Reasons for FDA 483s related to Medical Device Reporting

There were 106 observations related to medical device reporting (i.e., 21 CFR 803) in 2023 thus far. There are 25 different reasons identified by the FDA for 483 inspection observations related to the Medical Device Reporting regulation. The majority o of the inspection observations were related to an inadequate or missing MDR procedure. However, there were also a number of inspection observations that were related to missing information in the MDR records. Therefore, we updated our Medical Device Reporting Procedure to include all of the required elements of the FDA’s MedWatch Form. We posted a blog about “Where to Focus your Medical Device Complaint Handling Training.” In that blog we answered questions from device manufacturers and consultants regarding the process of complaints handling investigation. The following section is a summary of my responses to those questions.

Complaints handling investigations

What criteria do you think should be used to determine whether a complaint should be investigated or not?

There is only one acceptable rationale for not investigating a complaint. If you don’t investigate complaints when required, then you might receive an FDA Form 483 observation worded like this…

21 CFR 820.198(c) – Complaints involving the possible failure of labeling to meet any of its specifications were not investigated where necessary. Specifically, a missing IFU was reported in customer complaints, but no investigation was conducted. The rationale documented in the complaint record was “the missing IFU presented no patient risk.”

A missing IFU is a “failure of labeling to meet any of its specifications.” Therefore, 21 CFR 820.198(c) requires you to conduct an investigation “unless such investigation has already been performed for a similar complaint, and another investigation is not necessary.” This is the only rationale that is acceptable for skipping your investigation. To ensure that no one forgets to investigate a complaint, make sure you include a space in your complaint handling form that is specifically labeled as “Summary of Complaint Investigation.” This space should also include an option to cross-reference to a previous complaint record where a similar investigation is already documented.

A missing IFU is also considered a misbranded product that requires correction (e.g., sending the customer a replacement IFU) or removal (i.e., recall).

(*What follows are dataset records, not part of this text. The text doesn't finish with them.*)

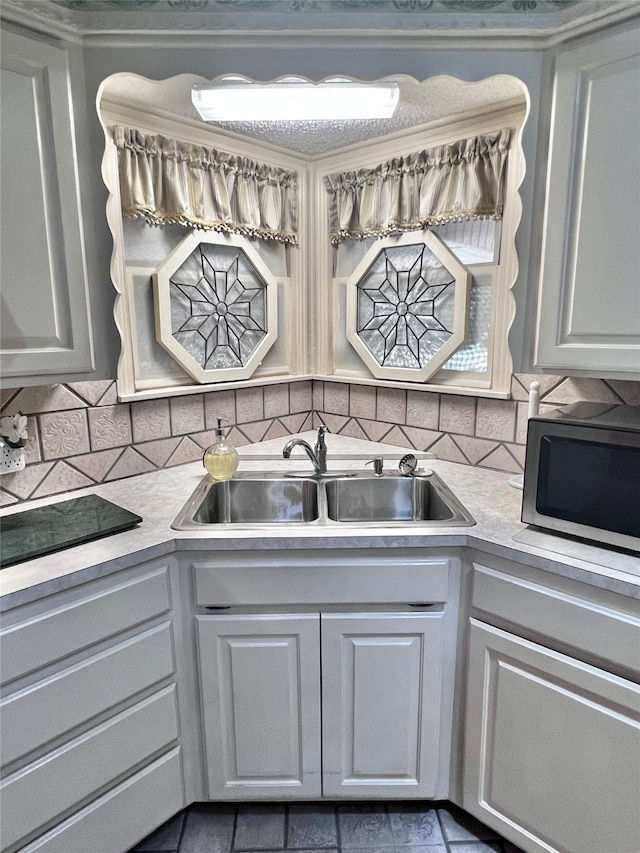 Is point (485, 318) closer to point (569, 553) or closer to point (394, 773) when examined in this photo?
point (569, 553)

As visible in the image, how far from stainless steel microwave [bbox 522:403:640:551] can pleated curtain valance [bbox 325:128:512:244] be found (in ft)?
2.97

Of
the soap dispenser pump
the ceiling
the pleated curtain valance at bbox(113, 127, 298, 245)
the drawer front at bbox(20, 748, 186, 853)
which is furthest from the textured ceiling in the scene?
the drawer front at bbox(20, 748, 186, 853)

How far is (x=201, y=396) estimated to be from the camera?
6.70 feet

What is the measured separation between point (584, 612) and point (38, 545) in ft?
4.35

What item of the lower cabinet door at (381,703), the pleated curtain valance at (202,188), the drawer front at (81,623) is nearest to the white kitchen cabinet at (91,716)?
the drawer front at (81,623)

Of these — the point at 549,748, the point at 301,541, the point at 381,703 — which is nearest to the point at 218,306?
the point at 301,541

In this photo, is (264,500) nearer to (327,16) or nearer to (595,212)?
(595,212)

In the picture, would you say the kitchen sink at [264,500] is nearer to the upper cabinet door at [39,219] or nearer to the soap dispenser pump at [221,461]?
the soap dispenser pump at [221,461]

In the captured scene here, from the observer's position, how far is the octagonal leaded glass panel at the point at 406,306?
2002 mm

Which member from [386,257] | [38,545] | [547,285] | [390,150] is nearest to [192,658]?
[38,545]

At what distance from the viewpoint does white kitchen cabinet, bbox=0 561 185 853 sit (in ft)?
3.66

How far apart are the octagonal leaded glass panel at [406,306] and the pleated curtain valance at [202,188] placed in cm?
43

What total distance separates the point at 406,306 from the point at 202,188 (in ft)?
3.06

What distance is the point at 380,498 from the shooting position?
1.88 meters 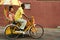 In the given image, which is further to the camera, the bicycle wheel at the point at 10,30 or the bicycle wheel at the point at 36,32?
the bicycle wheel at the point at 36,32

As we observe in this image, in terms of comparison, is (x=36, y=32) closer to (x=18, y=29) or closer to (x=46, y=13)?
(x=18, y=29)

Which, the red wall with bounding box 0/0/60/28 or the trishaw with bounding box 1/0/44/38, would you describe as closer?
the trishaw with bounding box 1/0/44/38

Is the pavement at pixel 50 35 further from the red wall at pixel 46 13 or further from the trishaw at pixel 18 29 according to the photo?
the red wall at pixel 46 13

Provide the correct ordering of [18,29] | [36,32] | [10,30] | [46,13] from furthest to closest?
[46,13], [36,32], [10,30], [18,29]

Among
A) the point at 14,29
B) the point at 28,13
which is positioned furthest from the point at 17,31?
the point at 28,13

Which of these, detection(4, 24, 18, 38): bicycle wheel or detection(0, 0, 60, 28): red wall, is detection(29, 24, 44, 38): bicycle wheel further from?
detection(0, 0, 60, 28): red wall

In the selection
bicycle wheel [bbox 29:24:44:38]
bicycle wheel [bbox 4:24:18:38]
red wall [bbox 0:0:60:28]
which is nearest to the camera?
bicycle wheel [bbox 4:24:18:38]

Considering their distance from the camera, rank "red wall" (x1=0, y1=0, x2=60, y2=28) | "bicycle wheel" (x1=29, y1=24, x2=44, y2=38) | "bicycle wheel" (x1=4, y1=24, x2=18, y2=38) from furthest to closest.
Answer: "red wall" (x1=0, y1=0, x2=60, y2=28) < "bicycle wheel" (x1=29, y1=24, x2=44, y2=38) < "bicycle wheel" (x1=4, y1=24, x2=18, y2=38)

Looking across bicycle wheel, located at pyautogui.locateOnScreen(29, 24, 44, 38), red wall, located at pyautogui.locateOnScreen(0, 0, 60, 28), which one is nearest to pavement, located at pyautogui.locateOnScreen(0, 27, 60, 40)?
bicycle wheel, located at pyautogui.locateOnScreen(29, 24, 44, 38)

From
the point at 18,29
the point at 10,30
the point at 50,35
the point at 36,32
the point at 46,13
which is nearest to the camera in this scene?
the point at 18,29

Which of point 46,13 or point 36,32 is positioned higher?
point 46,13

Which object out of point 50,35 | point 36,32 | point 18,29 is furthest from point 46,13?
point 18,29

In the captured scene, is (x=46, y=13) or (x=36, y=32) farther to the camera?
(x=46, y=13)

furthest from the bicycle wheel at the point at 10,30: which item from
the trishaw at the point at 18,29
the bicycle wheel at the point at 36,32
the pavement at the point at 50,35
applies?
the bicycle wheel at the point at 36,32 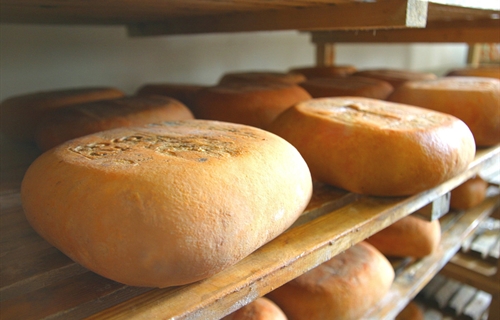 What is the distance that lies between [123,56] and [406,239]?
1.53 meters

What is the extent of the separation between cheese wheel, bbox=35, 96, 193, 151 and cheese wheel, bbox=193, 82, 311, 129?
0.44 feet

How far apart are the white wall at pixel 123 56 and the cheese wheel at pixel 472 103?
4.23ft

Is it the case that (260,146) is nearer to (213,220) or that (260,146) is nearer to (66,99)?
(213,220)

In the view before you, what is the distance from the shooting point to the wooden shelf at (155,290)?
24.4 inches

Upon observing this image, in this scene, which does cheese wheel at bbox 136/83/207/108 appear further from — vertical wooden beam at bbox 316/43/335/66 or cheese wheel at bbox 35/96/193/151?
vertical wooden beam at bbox 316/43/335/66

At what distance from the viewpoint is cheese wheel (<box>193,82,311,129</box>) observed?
4.35 ft

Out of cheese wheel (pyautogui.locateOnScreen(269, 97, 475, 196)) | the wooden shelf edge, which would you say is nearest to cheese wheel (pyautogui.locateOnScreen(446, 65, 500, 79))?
the wooden shelf edge

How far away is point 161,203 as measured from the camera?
580 mm

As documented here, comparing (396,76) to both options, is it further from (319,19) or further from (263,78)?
(319,19)

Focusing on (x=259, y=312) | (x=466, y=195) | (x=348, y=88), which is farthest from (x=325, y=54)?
(x=259, y=312)

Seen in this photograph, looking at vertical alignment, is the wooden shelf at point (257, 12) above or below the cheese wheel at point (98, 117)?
above

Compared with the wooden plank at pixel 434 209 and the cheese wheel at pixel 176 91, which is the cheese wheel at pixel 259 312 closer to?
the wooden plank at pixel 434 209

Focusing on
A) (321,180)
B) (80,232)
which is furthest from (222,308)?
(321,180)

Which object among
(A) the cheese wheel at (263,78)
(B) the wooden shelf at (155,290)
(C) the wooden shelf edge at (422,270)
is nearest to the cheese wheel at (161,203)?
(B) the wooden shelf at (155,290) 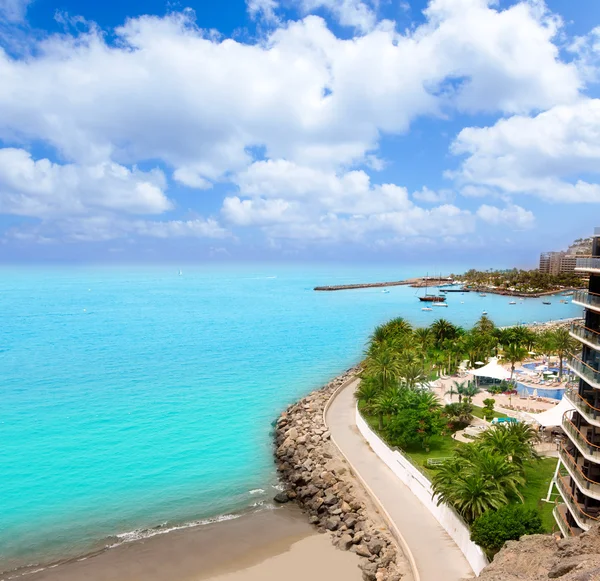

The FDA expects a Health and Hazard Evaluation (HHE) form to be included in your recall records, and the HHE should indicate the potential risk of a “delay in treatment.” This is the FDA’s conclusion in their evaluation of risk, and therefore your HHE must identify a delay in treatment as a patient risk too. The FDA also expects a CAPA to be initiated to prevent the recurrence of this type of labeling error. You can make a “risk-based” determination that reporting a specific recall to the FDA is not required as per 21 CFR 806.20. However, you need to maintain records of your determination not to report a recall. If you already received a Warning Letter, you should err on the side of reporting anyway.

Note: References to “recall” in the above paragraph are meant to include field corrections.

Intended Use

If a complaint consists of a medical device being used for something other than its intended use, is an MDR required for this user error?

The answer is yes. If you don’t report adverse events involving “user error,” then you might receive an FDA Form 483 observation worded like this…

21 CFR 803.17(a)(1) – The written MDR procedure does not include an internal system which provides for the timely and effective evaluation of events that may be subject to medical device reporting requirements.  Specifically, several incidents where a death or serious injury occurred were “caused by a user error,” and the procedure did not identify this as an event requiring Medical Device Reporting.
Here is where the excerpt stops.